Continuous Quality Improvement (CQI)
Selected peer-reviewed clinical cases are presented to the group for interactive discussion focusing on areas for future improvement.
Interesting cases that are admitted to the hospital through the emergency department are followed up on and the outcome is discussed with the group.
Systems-Based Practice Interdepartmental Conferences
These jointly sponsored quarterly conferences are a reflection of the outstanding interdepartmental relationships that exist at our residency and medical center. During these joint educational sessions, discussion occurs from participants of both involved departments (i.e., EM/Trauma Path Conference) on clinical issues of controversy and treatment recommendations that exist in the care of these commonly shared patients. These shared conferences are developed to further our education in the ACGME core competency area of systems-based practice.

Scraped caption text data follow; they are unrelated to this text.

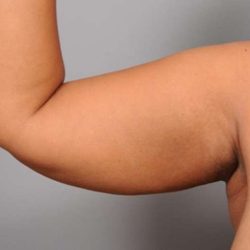 Liposuction Before & After Patient #655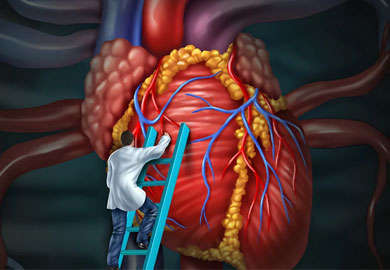 Aortic Surgery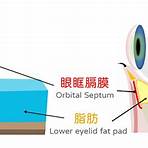 眼袋手術後遺症1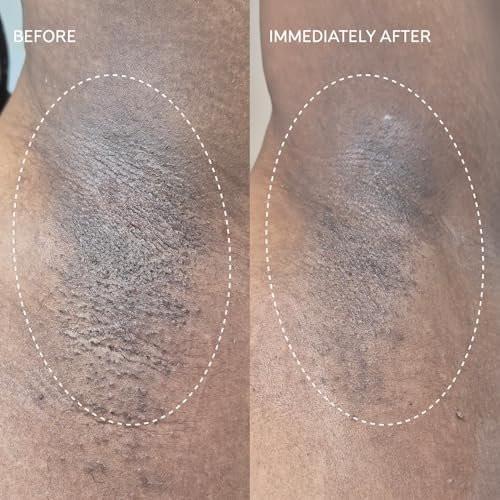 Fur Flash Repair Jelly – Hypochlorige Säure Aftercare Gel für die Zeit nach Waxing, Rasur oder Laser – Beruhigt Rötungen, Pickel und Irritationen – Dermatologisch getestet, parfümfrei (60 ml)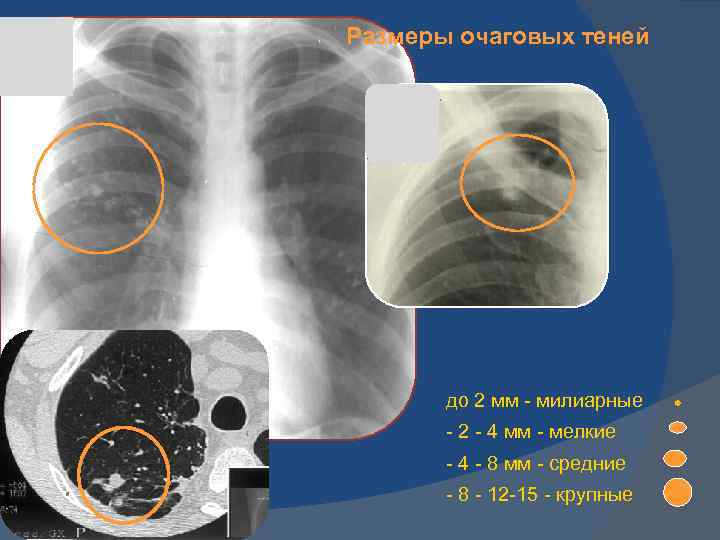 Легкие без очаговых теней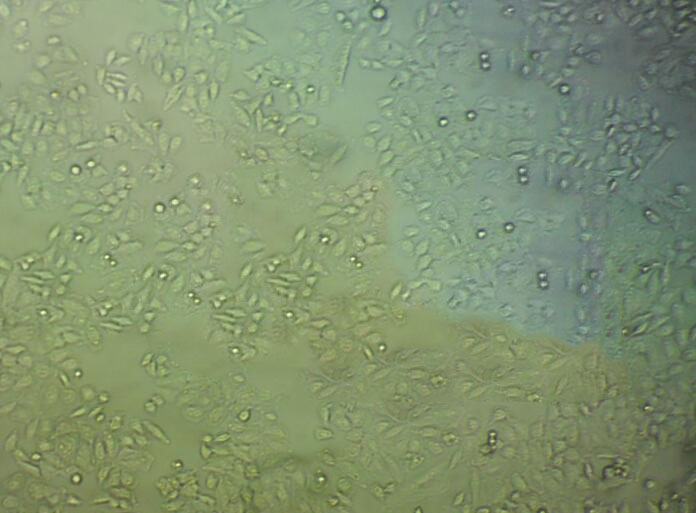 强化梭菌鉴别琼脂固体细粉末培养基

Throughout the year, residents undergo training on the medical center’s highly sophisticated patient simulator with emphasis on critical care and resuscitation teamwork skills. Afterwards, the residents are debriefed on their performance by the supervising faculty with interactive discussion about the learning objectives for the case.
Residents are taught and practice important invasive emergency procedures (cricothyrotomy, central line, thoracotomy, etc.) on fresh cadavers in the medical school’s anatomy lab under the direct supervision of EM faculty. These sessions are scheduled monthly to accommodate each resident's work schedule.
Periodically, various procedure labs (e.g. difficult airway, suturing, vehicular rescue techniques, etc.) are taught throughout the academic year to offer education in specific procedures important to the practice of emergency medicine.
Web-based Common Curriculum
This self paced web based educational study covers topics of the ACGME’s common curriculum. A variety of topics are covered including ethics, risk management, and physician wellness issues to name a few.